AWS S3 (simple storage service) is a basic AWS Service that is used almost for every application. It is nearly an infinite storage where in you can store unlimited objects where in a single object can be of max 5 TB in size. In this blog post I will be listing out some of the best practices of AWS S3 which you can utilize while dealing or integrating AWS S3 service in your applications.
Best Practices of AWS S3:
- For Gets request you can use range http header to improve download efficiency by downloading in parts rather than whole object at once. Also it enables quick recovery from failures as only that part needs to be downloaded which failed.
- For Puts request you can use multipart upload, these will help by uploading multiple uploads in parallel resulting in better bandwidth utilization. It also helps in fast recovery from failures as only failed part needs to be upload again. You can pause resume uploads, also you can upload an object before knowing the object size.

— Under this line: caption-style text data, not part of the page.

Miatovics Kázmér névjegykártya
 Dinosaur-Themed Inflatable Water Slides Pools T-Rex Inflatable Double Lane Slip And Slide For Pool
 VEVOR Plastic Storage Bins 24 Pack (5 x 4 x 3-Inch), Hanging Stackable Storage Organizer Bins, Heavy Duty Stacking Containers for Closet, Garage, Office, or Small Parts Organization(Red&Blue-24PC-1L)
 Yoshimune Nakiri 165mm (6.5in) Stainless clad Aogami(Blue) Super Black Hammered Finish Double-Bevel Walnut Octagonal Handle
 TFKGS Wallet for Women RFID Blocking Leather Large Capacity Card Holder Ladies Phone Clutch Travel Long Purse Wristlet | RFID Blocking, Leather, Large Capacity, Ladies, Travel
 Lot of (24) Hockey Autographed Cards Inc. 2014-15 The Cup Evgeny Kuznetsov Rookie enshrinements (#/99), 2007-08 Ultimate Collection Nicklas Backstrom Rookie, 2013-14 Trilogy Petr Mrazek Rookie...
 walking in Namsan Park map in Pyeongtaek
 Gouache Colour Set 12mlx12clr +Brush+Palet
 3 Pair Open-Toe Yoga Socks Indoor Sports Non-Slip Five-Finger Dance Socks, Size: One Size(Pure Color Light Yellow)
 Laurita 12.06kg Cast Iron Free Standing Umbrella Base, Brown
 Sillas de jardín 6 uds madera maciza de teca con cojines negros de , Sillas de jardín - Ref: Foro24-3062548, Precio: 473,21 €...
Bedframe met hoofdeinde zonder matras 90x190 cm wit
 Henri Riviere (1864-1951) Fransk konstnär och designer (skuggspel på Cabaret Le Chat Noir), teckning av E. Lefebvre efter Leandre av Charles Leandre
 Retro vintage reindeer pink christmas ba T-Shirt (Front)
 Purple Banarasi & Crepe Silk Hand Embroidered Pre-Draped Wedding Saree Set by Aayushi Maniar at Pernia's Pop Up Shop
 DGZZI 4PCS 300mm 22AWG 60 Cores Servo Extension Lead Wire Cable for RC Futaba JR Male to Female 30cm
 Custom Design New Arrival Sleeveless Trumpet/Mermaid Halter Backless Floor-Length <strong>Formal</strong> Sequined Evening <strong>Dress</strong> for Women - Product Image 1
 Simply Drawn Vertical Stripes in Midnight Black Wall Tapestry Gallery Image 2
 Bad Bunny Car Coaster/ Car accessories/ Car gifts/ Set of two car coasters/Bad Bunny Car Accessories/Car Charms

- S3 stores the objects lexicographically, better use a random key prefix before every object to get better performance incase of reads and writes. Using randomness, the I/O load will be distributed across multiple index partitions.Though this has been old practice, recently AWS has updated S3 service to support upto 3,500 requests per second to add data and 5,500 requests per second to retrieve data.
- Build and maintain secondary index outside of S3 for storing, indexing and querying objects metadata into services like Dynamodb or RDS.
- Use versioning in buckets to prevent from accidental overwriting and deletion. You can retrieve or restore deleted object or rollback to previous version.
- Use MFA on buckets to prevent un-intended bucket deletions.
- Versioning does not prevent bucket deletion, be careful as mistakenly bucket deletion might result in data loss. Better prepare for backing up bucket.
- Use cross region replication to backup bucket in a different region.
- Optimize or save cost by allocating proper storage type for S3.
- Use event notification for getting notified on any puts or deletes on bucket.
- Use cloudwatch for monitoring objects and storage through various metrics.
- Use cloudtrail to log api calls on s3 buckets.